The land has been a farm since the early 1800s.
The Wilcoxes were in the middle of renovations when they found out their house was set to be demolished for the Grose River Bridge route, but now they are living in what Mrs Wilcox describes as “a limbo land”.
The original plan for the Grose River Bridge saw it going down what is currently their driveway but then it was altered slightly to go smack bang through their house.
“They could put it [the new road] either side [of the property], there are vacant blocks each side, but they are choosing to put it through our house,” says Mrs Wilcox.
No-one will tell them, or the Post, who decided on this specific route, and why it cannot go across the edge of the 75-acres next door which is part of a horse stud – known by the engineers working on the bridge project as “the Starr property” named after the owners of that land.
The Wilcoxes put in a GIPA – a freedom of information request – to get hold of discussions about the route held in 2019, and in the material they received – from minutes of a meeting with staff from Redbank Communities, Hawkesbury Council, TfNSW, and engineering consultants WT Partnership – there are some curious lines. It says, “Road designed to avoid the Starr property, as per design brief”.
And, “A small deviation of Grose River Rd at intersection with Ashtons Rd to facilitate alignment with the new extension of Grose River Rd link which is to avoid the private land housing the horse stud”.
Marian and Peter Wilcox with just one of their veggie farm products
The Wilcoxes’ solicitor requested the project design brief over a week ago. They say neither Council nor the developer have provided it yet.
Community consultation on the project ends this coming week.
“I believe they are delaying on purpose,” says Mrs Wilcox, who says the family is being kept largely in the dark.
There is also open land the other side of the Wilcox’s house, though that would require a kink in the planned route, which comes down Grose River Rd and across Ashtons Rd before crossing the Grose River and linking up with Springwood Rd.
Part of the land next to the Wilcoxes – the Starr horse stud – does flood, not least because there is a creek which goes across it, but Mrs Wilcox says their property is no different as the same creek runs through their property too.
Not long after that initial public meeting, Peter Wilcox says the developers sent a drone over their property without permission and a day or so later a video was put up by Redbank on social media saying, this is where the new bridge route will go. They Wilcoxes say they had to push both the Council and Redbank to have the video taken down.

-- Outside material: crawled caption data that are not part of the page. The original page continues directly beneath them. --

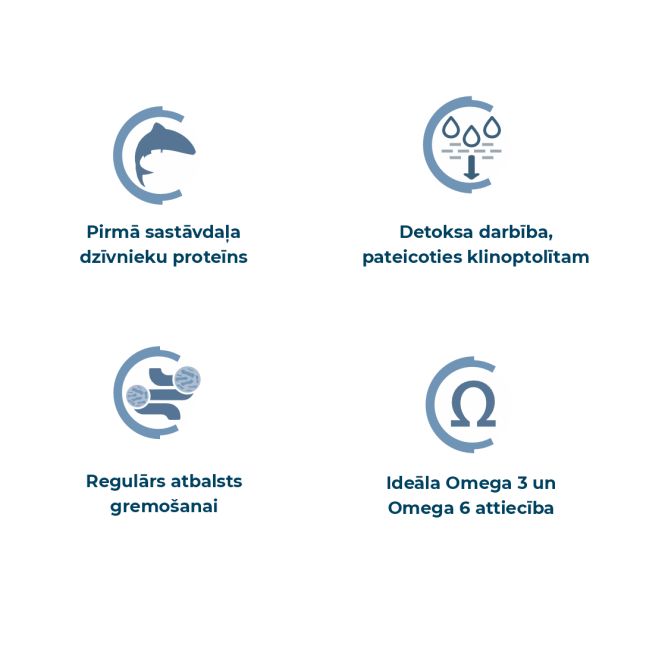 Best Breeders All breeds 25/13 ar zivi un rīsiem, 20kg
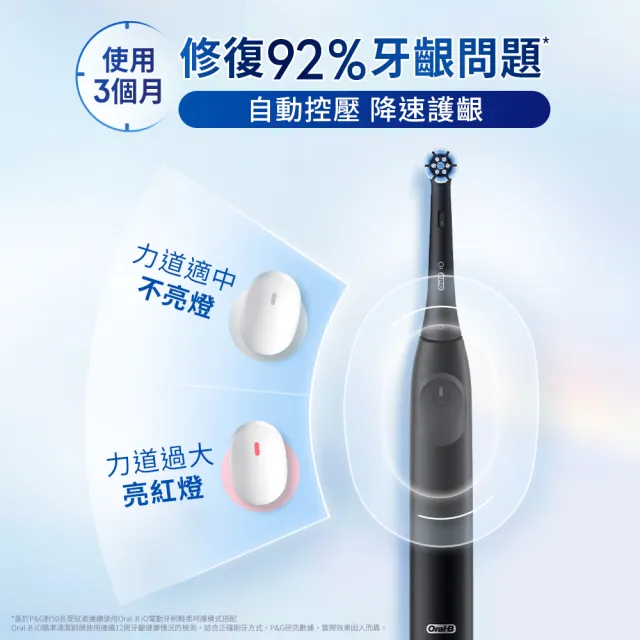 【Oral-B 歐樂B】iO2 微磁電動牙刷 溫和清潔護牙齦 適用敏感牙齒 霧黑/玫瑰粉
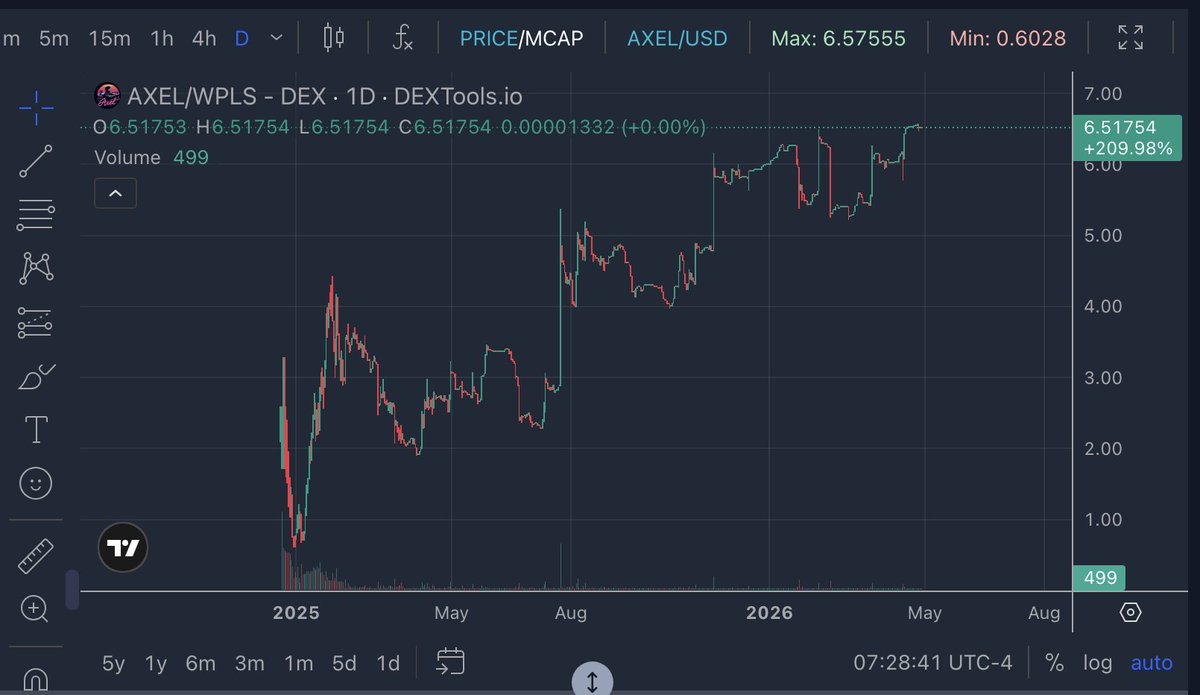 <a href="/axeldefinance/">AXEL DeFi</a> If you look at the $Axel chart against PLS since it's full token supply was created on day 10 of its existence, the value has only gone up.

You can see the system working for a year and a half, where it burns coins and incentivizes holding through rewards.

Once PLS moves, the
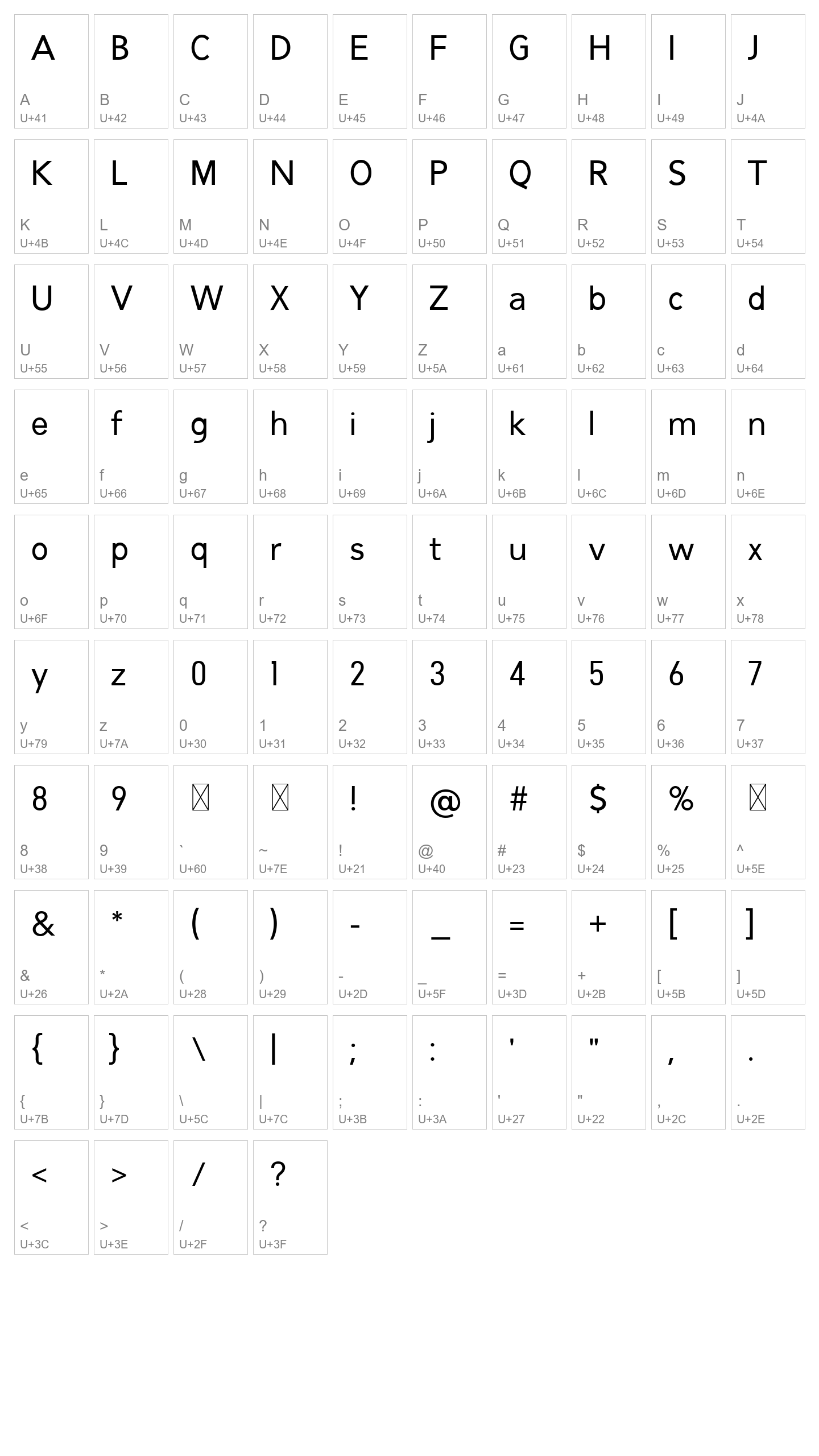 Character Map Image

The family decided to fight to keep their home and have been trying to get help from Hawkesbury councillors – most of whom have not replied to the Wilcoxes at all, despite several letters and emails – as well as from Transport for NSW (TfNSW) and Hawkesbury Council, plus MP Robyn Preston who has visited them.
Artist’s impression of the Springwood Rd end of the proposed bridge route
They have also had discussions with independent councillor Mary Lyons-Buckett and Green’s councillor Danielle Wheeler, as well as Eddie Dogramaci of the Small Business Party, in addition to phone conversations with Liberal Mayor Patrick Connolly, each of whom has engaged with the family but Mrs Wilcox says with no positive outcomes.
Mrs Wilcox told the Post that when they asked Ms Preston why the developers could push the road through their property they were told, “because they are paying $23million”.
We asked Ms Preston who came up with the route and why and she told us to talk to Redbank Communities.
We asked TfNSW who had come up with the route and why it went through a family’s home and they told us the project was “a Hawkesbury Council one, so you should talk to them”.
We asked Hawkesbury Council the same questions and they have not replied.
Redbank Communities spokesperson told us, “in Redbank’s original DA, the bridge was proposed through Navua Reserve. A few years back a newly elected Council drove the change of location for the bridge, and in 2018 Hawkesbury City Council resolved to choose the Grose River Road Extension as their preferred option out of three options which was then announced in a public meeting”.
In a letter dated March 31 this year between Hawkesbury Council’s General Manager Elizabeth Richardson and Mrs Wilcox, the GM says alternate route options had been discussed with TfNSW.
It is a policy of TfNSW to try and avoid properties if they can, but given the government body says the project is “a Hawkesbury Council one,” there is a question over why Council cannot or will not deviate the route.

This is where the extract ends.